Johann-Dietrich Wörner is New ESA Director General

Paris, France, July 1, 2015--Johann-Dietrich Wörner has assumed the postion of Director-General of the European Space Agency (ESA) effective today. He is based at ESA Headquarters in Paris, France.

“I am in the favourable position to nurture the seeds of Jean-Jacques Dordain’s work,” said Mr Wörner during a recent media briefing at the Paris Air Show, expressing his thanks to the parting Director General.

Wörner called for the continuation of ESA’s ongoing programs, projects and missions in cooperation with Member States, as well as preparing for ESA’s future, among the many important tasks he has to fulfill.

  Johann-Dietrich Wörner

Referring to this future as ‘Space 4.0’, Mr Woerner considers that ESA has already started to enter this new phase, in which space has become a day-to-day business and in which interaction with society, the commercialisation of space, resulting new roles for industry and a fostered, cooperative relation with the European Commission all play important roles.

The ESA Council unanimously appointed Mr Woerner on 18 December 2014 for a period of four years. Previously, he was Chairman of the Executive Board of the German Aerospace Center (DLR), from March 2007 to June 2015. Originally from Kassel, Germany, Mr Woerner is married and has three children.

He succeeds Jean-Jacques Dordain, whose term of office ended on 30 June. Dordain is ESA’s longest-serving Director General, who led the Agency from July 2003 to June 2015.

Wörner studied civil engineering at the Technische Universität Berlin and the Technische Hochschule Darmstadt, from where he graduated in 1985. In 1982, as part of his studies, he spent two years in Japan, investigating earthquake safety.

Until 1990 Wörner worked for the consulting civil engineers König und Heunisch.

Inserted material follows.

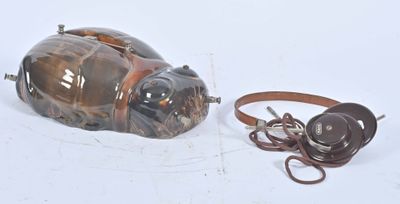 un petit objet posé par terre à côté d'une paire de ciseaux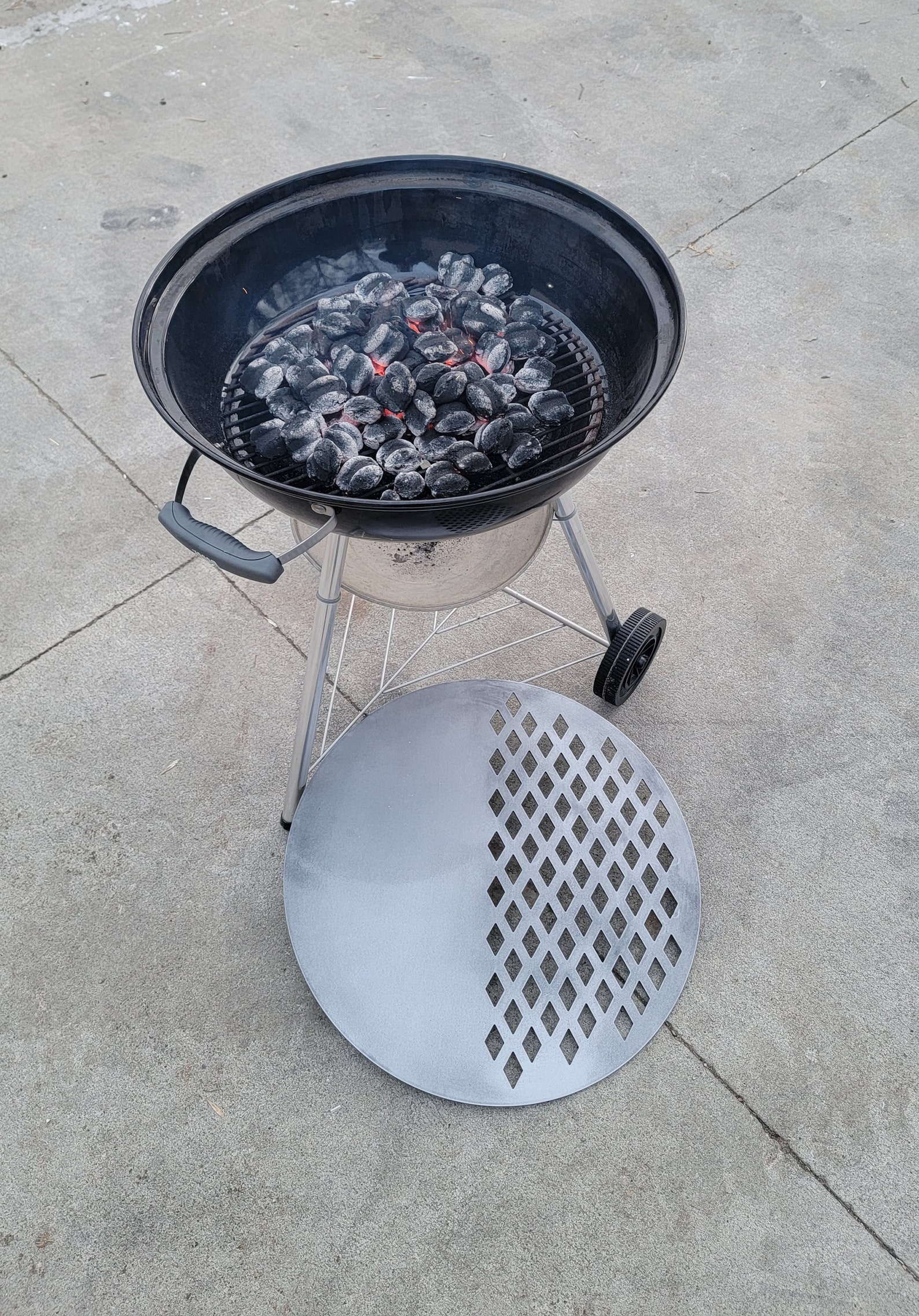 Outfitters Edge 22 Round Charcoal Grill Skillet Insert Etsy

In 1990 he returned to Darmstadt University, where he was appointed to a professorship in Civil Engineering and took over as Head of the Testing and Research Institute. Before being elected President of the Technische Universität Darmstadt in 1995, he held the position of Dean of the Civil Engineering Faculty.

ESA is an intergovernmental organisation, created in 1975, with the mission to shape the development of Europe’s space capability and ensure that investment in space delivers benefits to the citizens of Europe and the world.